━━━ Dataset records

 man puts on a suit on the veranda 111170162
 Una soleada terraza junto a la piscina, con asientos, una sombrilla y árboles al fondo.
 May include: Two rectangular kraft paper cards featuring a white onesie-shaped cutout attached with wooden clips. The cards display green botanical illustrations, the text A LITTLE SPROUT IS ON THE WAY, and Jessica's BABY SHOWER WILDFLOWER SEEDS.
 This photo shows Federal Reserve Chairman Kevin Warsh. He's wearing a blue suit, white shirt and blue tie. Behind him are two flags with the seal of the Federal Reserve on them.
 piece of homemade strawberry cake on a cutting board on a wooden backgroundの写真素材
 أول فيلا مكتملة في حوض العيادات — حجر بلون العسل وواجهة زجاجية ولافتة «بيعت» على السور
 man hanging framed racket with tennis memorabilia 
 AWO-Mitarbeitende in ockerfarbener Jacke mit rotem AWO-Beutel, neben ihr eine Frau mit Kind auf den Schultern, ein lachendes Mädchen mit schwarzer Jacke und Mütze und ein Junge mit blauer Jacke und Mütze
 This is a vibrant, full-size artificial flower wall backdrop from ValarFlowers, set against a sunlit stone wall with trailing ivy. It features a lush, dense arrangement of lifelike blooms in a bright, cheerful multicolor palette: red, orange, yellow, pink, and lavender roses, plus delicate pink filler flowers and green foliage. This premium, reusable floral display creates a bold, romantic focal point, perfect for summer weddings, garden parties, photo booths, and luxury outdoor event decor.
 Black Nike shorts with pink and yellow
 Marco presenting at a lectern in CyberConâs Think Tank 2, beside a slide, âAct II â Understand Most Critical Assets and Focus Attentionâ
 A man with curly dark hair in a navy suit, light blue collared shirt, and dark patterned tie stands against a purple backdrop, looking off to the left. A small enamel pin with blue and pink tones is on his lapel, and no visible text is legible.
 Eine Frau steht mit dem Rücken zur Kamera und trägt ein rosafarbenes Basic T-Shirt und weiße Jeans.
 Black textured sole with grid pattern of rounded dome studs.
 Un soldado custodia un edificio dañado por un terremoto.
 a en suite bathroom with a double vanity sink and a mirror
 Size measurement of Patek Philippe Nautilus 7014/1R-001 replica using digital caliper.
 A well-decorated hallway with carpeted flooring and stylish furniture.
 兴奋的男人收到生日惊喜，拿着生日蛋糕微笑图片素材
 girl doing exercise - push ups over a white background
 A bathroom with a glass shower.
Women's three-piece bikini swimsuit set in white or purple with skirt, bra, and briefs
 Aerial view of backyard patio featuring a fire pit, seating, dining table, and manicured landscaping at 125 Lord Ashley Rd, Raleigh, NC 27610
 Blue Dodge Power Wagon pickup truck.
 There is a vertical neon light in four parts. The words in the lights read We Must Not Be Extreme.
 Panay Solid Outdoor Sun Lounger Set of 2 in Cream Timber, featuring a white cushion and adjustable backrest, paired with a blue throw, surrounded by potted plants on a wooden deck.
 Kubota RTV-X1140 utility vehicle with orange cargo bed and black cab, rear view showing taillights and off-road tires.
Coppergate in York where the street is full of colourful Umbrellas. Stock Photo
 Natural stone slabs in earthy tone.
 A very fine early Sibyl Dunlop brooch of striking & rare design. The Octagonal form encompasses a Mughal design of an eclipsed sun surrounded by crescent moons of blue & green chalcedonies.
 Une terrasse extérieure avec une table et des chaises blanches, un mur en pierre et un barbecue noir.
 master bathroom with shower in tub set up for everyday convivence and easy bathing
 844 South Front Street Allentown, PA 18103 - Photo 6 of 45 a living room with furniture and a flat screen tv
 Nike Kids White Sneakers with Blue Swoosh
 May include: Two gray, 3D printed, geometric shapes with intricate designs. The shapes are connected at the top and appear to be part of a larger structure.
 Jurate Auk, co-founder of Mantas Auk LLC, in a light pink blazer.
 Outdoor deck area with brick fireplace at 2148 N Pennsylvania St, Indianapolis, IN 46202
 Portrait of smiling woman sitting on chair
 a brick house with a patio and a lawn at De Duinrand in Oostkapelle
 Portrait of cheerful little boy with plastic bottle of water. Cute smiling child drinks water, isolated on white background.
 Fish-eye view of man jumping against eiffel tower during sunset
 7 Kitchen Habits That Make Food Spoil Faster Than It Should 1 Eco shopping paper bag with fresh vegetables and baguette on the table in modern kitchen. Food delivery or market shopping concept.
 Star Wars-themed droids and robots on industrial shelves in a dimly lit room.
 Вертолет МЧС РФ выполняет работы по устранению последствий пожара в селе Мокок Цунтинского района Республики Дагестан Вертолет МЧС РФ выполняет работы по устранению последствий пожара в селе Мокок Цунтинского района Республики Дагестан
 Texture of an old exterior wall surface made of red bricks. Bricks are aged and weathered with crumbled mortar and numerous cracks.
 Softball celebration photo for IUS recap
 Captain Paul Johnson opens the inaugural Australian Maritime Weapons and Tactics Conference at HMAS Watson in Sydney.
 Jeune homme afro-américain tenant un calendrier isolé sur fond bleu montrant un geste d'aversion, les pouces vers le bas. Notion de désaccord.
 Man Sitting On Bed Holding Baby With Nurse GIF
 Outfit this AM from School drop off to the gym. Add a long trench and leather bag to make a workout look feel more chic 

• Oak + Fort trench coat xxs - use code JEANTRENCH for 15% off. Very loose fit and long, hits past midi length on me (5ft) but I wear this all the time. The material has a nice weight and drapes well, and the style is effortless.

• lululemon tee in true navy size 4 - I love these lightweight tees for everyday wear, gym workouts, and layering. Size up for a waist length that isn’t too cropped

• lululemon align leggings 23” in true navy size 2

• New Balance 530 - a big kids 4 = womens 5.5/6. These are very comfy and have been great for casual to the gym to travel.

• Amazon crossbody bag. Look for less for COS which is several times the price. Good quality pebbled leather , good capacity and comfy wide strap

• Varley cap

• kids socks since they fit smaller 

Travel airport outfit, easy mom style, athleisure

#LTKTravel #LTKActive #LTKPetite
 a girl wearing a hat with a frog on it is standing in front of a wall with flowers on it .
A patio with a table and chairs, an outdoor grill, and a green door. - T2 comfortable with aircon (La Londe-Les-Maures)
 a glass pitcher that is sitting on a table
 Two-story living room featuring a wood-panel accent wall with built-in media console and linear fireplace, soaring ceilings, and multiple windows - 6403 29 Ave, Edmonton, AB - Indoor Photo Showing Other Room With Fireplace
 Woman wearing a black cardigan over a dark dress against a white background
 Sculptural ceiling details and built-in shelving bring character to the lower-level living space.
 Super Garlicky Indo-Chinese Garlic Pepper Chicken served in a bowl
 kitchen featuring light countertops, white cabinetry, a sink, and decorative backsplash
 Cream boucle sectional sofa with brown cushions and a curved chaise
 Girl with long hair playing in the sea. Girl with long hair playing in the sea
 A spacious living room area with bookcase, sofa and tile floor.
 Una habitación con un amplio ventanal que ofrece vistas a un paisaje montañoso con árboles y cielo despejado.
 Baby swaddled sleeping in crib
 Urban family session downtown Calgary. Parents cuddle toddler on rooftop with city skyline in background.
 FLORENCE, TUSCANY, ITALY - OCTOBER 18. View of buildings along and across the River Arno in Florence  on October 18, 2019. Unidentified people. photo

━━━━━━

Problem requirements:
Could you reproduce exactly the lines of the entries above, from the one with "Black textured sole" through the one with "Blue Dodge Power Wagon pickup truck.", and nothing else?

Your solution:
 Black textured sole with grid pattern of rounded dome studs.
 Un soldado custodia un edificio dañado por un terremoto.
 a en suite bathroom with a double vanity sink and a mirror
 Size measurement of Patek Philippe Nautilus 7014/1R-001 replica using digital caliper.
 A well-decorated hallway with carpeted flooring and stylish furniture.
 兴奋的男人收到生日惊喜，拿着生日蛋糕微笑图片素材
 girl doing exercise - push ups over a white background
 A bathroom with a glass shower.
Women's three-piece bikini swimsuit set in white or purple with skirt, bra, and briefs
 Aerial view of backyard patio featuring a fire pit, seating, dining table, and manicured landscaping at 125 Lord Ashley Rd, Raleigh, NC 27610
 Blue Dodge Power Wagon pickup truck.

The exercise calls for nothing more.